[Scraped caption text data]

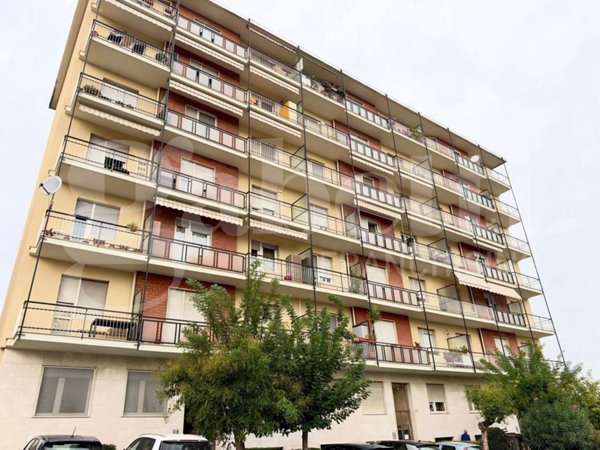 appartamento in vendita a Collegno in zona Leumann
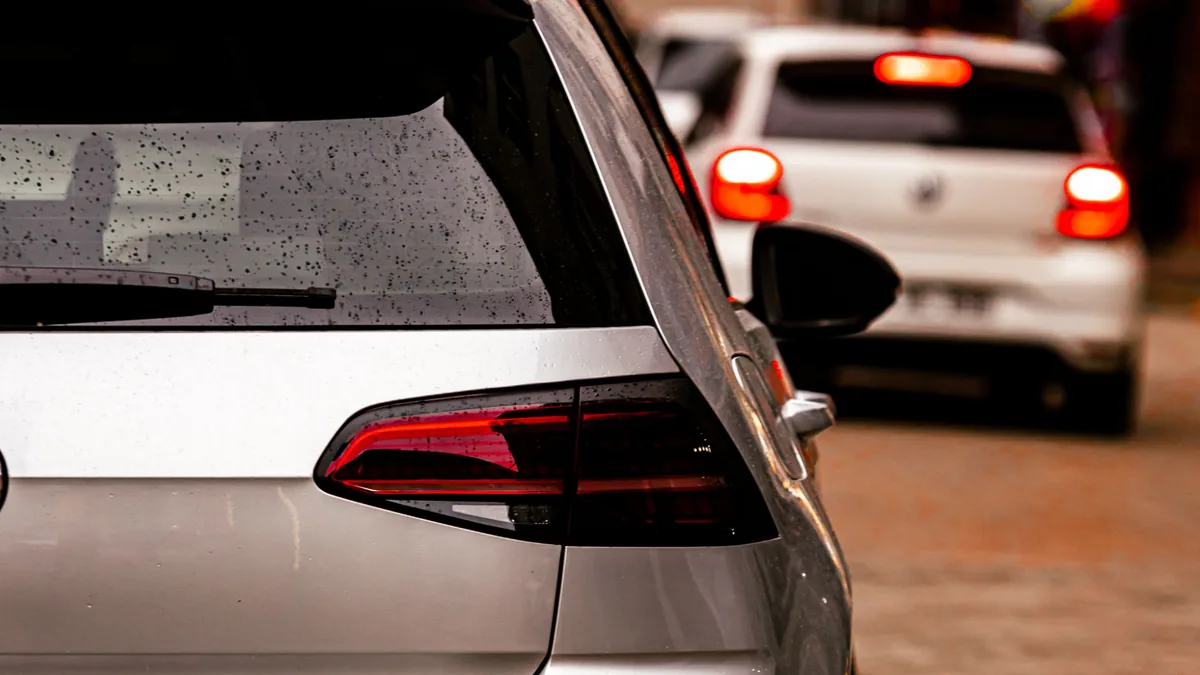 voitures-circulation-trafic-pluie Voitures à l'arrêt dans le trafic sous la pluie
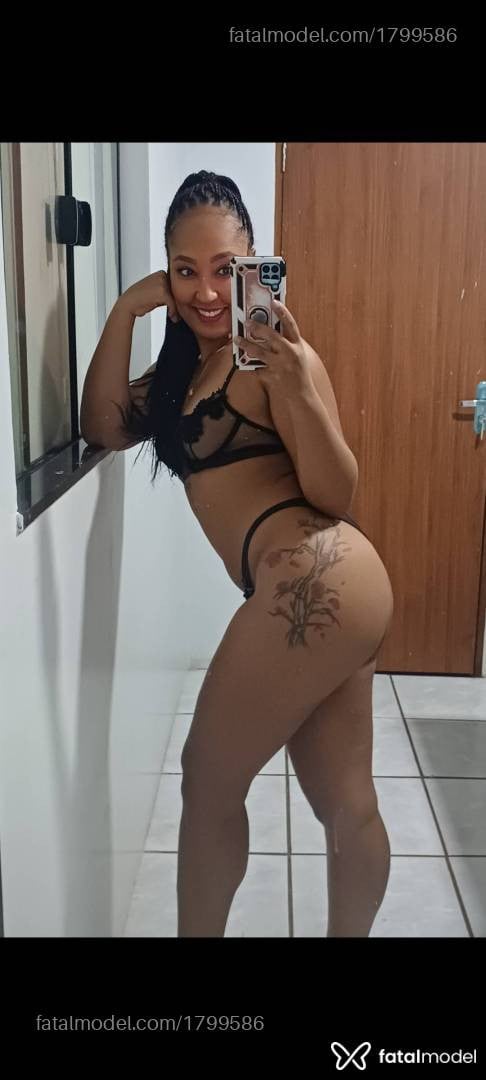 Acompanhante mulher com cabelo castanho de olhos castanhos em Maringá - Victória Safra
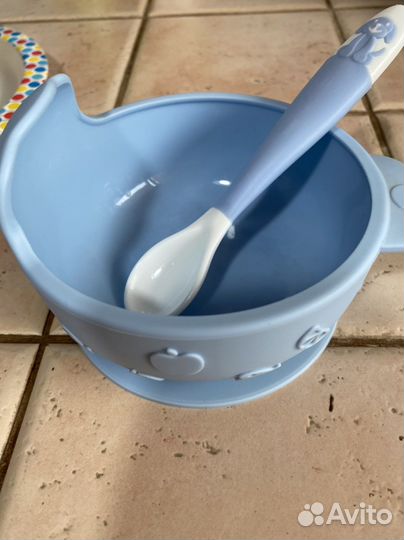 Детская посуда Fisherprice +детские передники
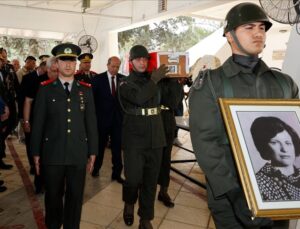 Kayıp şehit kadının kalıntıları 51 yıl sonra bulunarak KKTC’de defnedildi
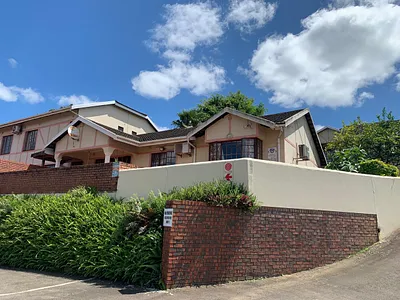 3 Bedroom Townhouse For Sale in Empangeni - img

AIM OF THE EXERCISE: Excluding every picture, write out each record word for word.

EXERCISE OUTPUT:
 appartamento in vendita a Collegno in zona Leumann
 voitures-circulation-trafic-pluie Voitures à l'arrêt dans le trafic sous la pluie
 Acompanhante mulher com cabelo castanho de olhos castanhos em Maringá - Victória Safra
 Детская посуда Fisherprice +детские передники
 Kayıp şehit kadının kalıntıları 51 yıl sonra bulunarak KKTC’de defnedildi
 3 Bedroom Townhouse For Sale in Empangeni - img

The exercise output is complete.